With images removed, transcribe each record exactly as it appears.

── DATA SHOWN

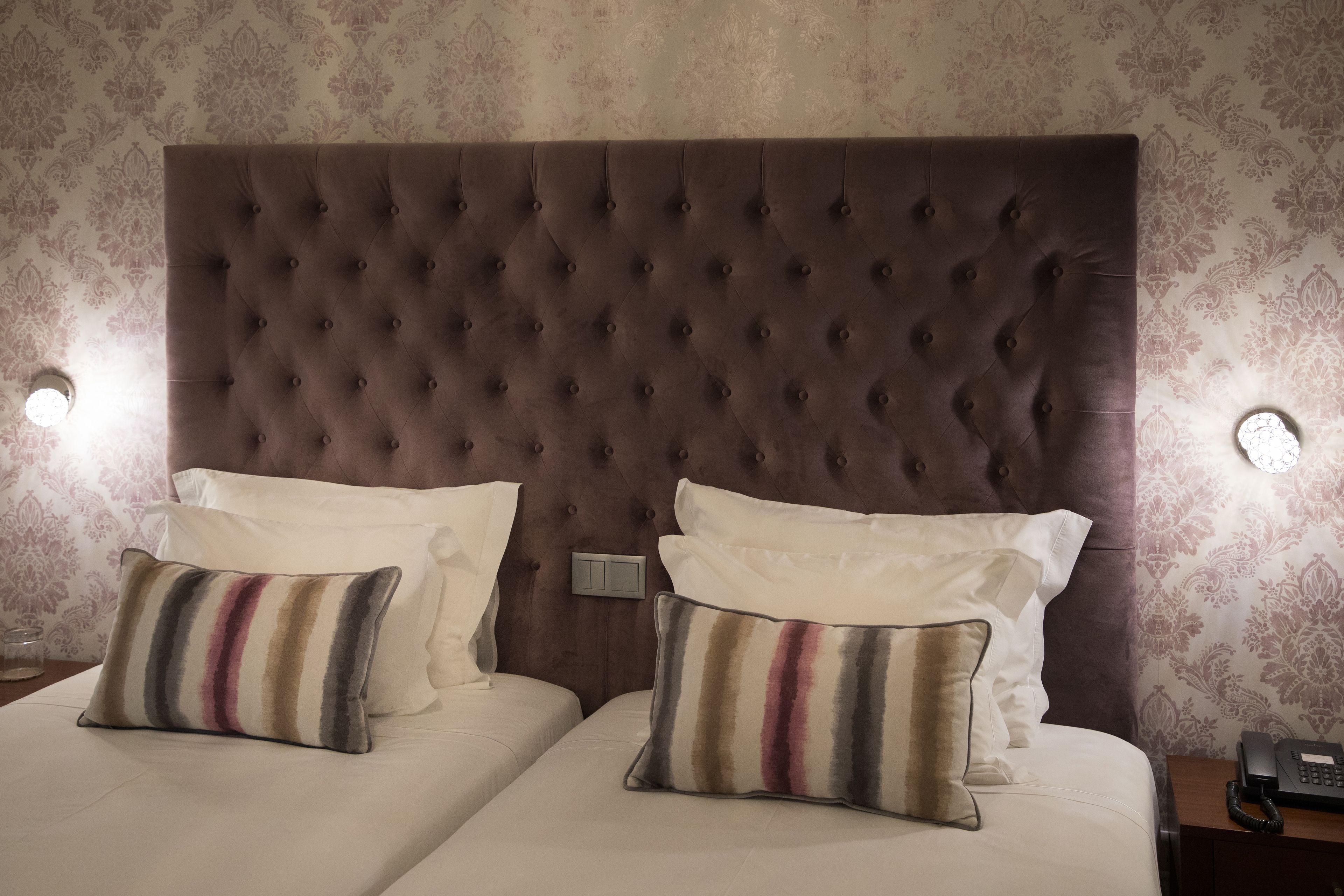Quarto de hotel com cabeceira estofada, duas camas com roupa de cama branca, almofadas listradas e telefone ao lado da cama.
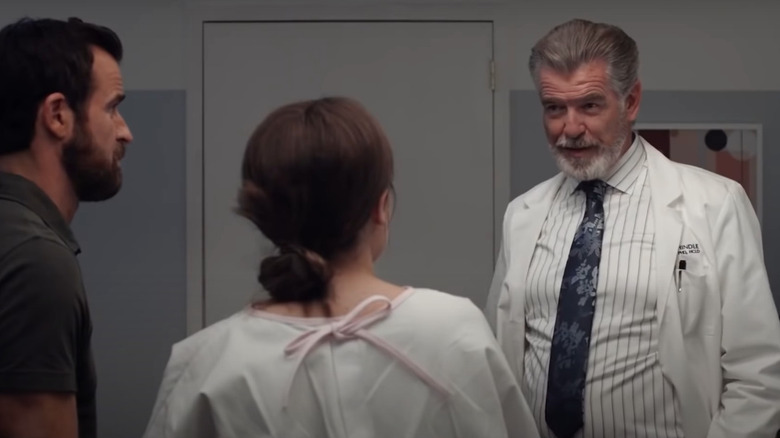 Pierce Brosnan in a lab coat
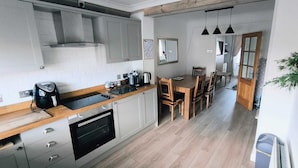 A modern kitchen with a built-in oven, a coffee maker, and wooden chairs at a dining table.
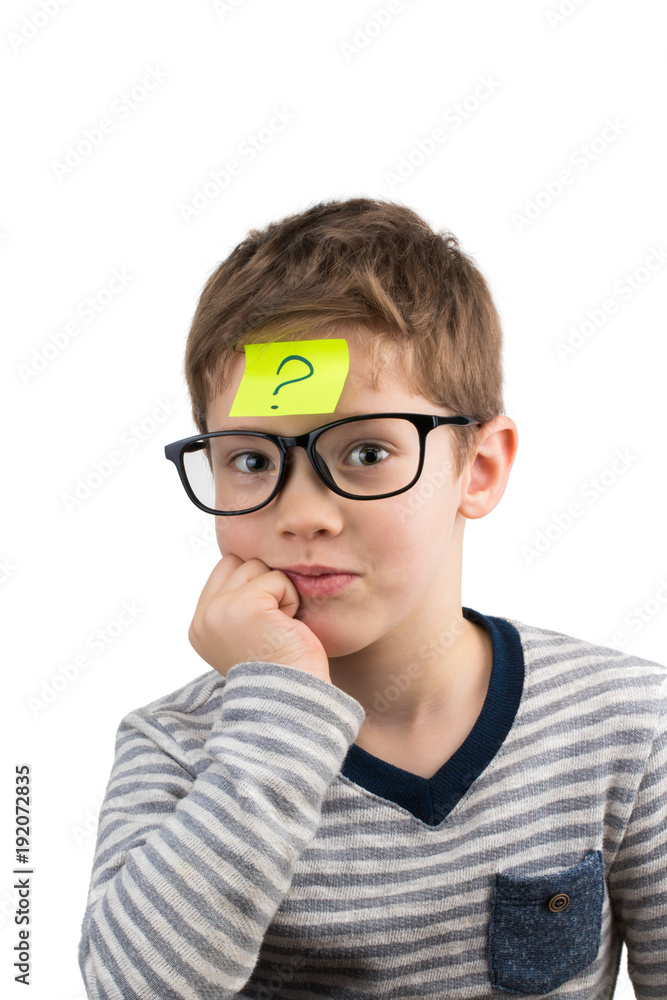 Confused boy thinking with question mark on sticky note on forehead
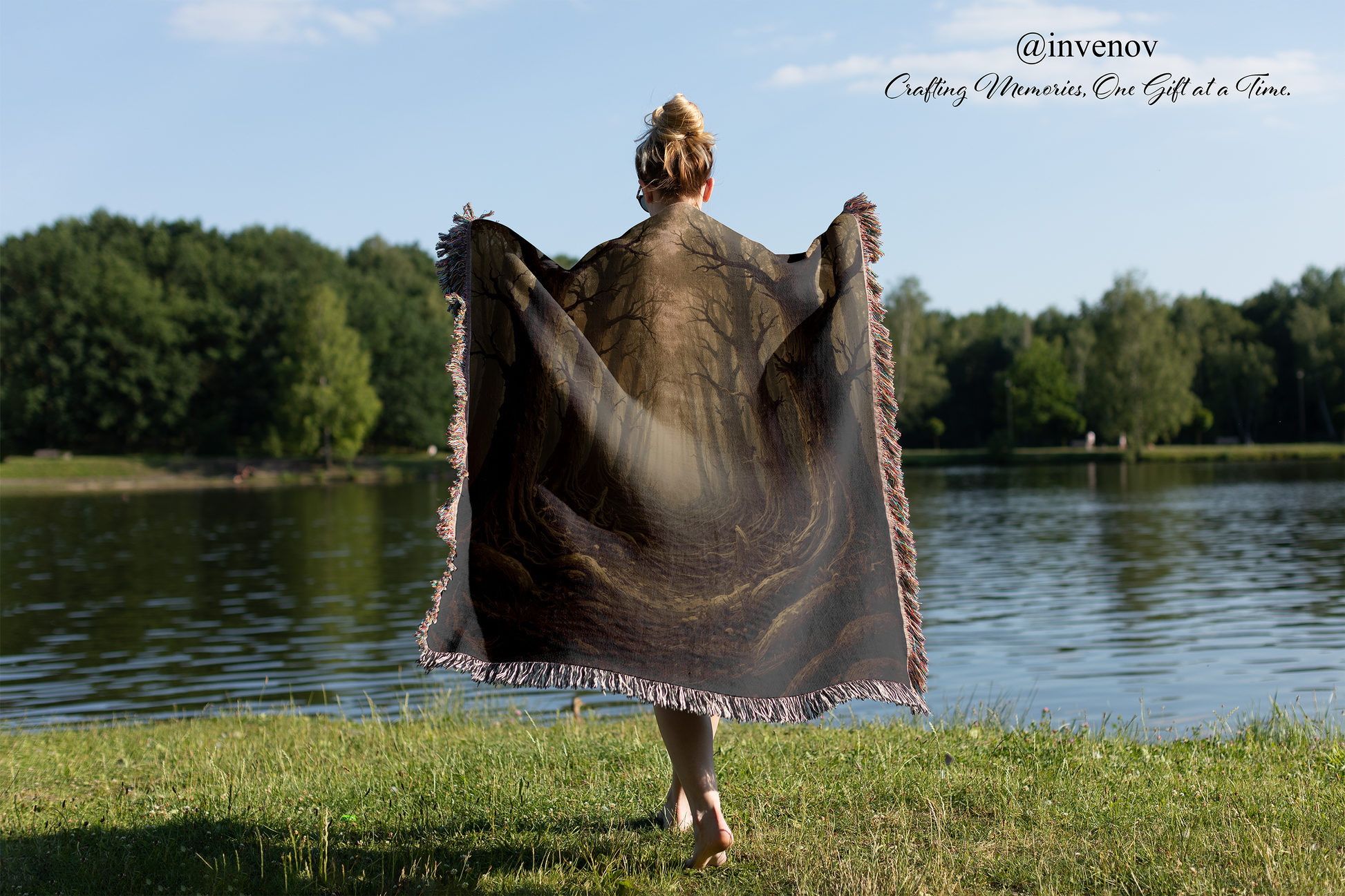 Person holding a large blanket by a lake with trees in the background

────

REPLY TO THE EXERCISE
Quarto de hotel com cabeceira estofada, duas camas com roupa de cama branca, almofadas listradas e telefone ao lado da cama.
 Pierce Brosnan in a lab coat
 A modern kitchen with a built-in oven, a coffee maker, and wooden chairs at a dining table.
 Confused boy thinking with question mark on sticky note on forehead
 Person holding a large blanket by a lake with trees in the background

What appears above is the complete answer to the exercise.